Raw data
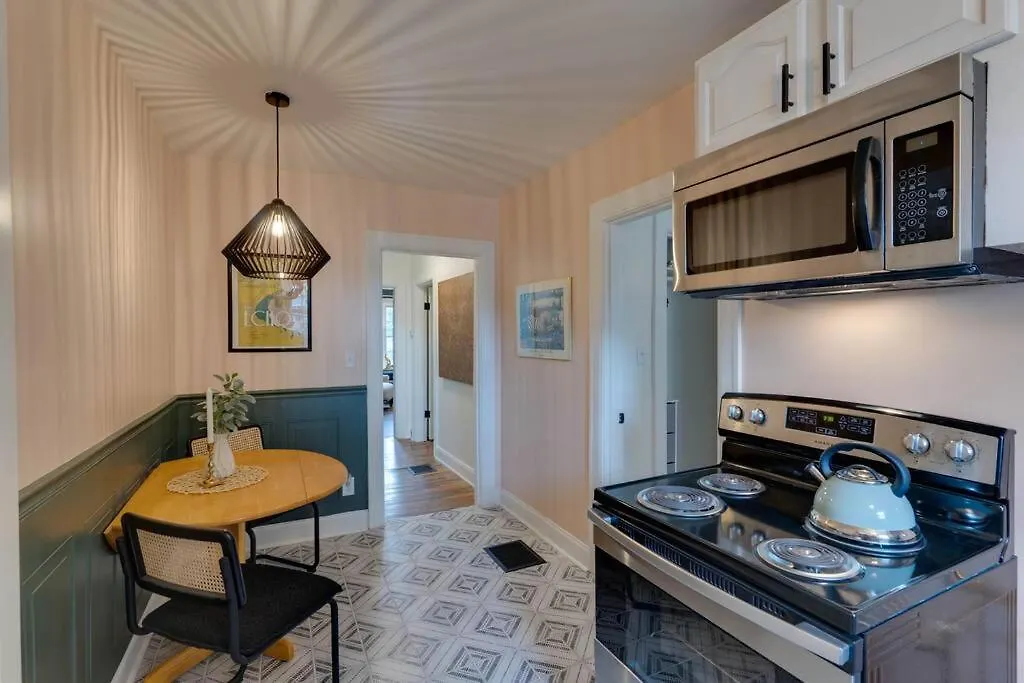 Appartement Sleep 8 In Our Cozy Colonial 2Miles From Broadway à Nashville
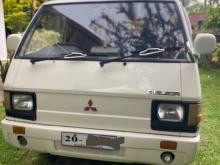 Mitsubishi L300 1985 Van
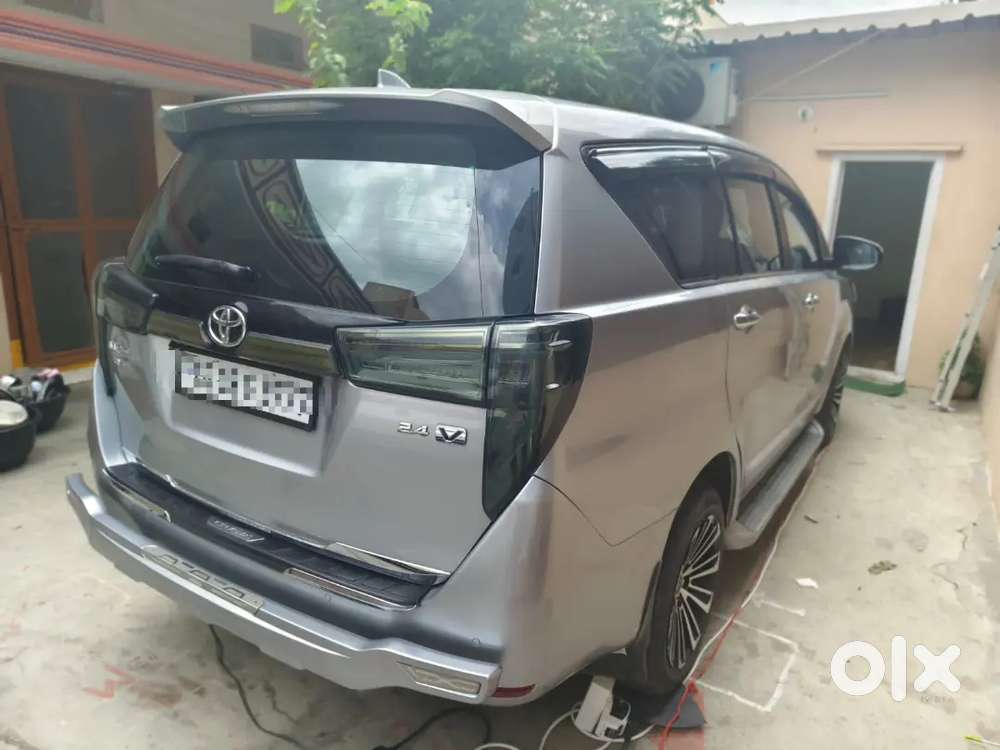 Toyota Innova Crysta 2.4v Mt 2024 Model No Lone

Task directions
Everything in the listing except the pictures must be reproduced exactly.

Exercise output
 Appartement Sleep 8 In Our Cozy Colonial 2Miles From Broadway à Nashville
 Mitsubishi L300 1985 Van
 Toyota Innova Crysta 2.4v Mt 2024 Model No Lone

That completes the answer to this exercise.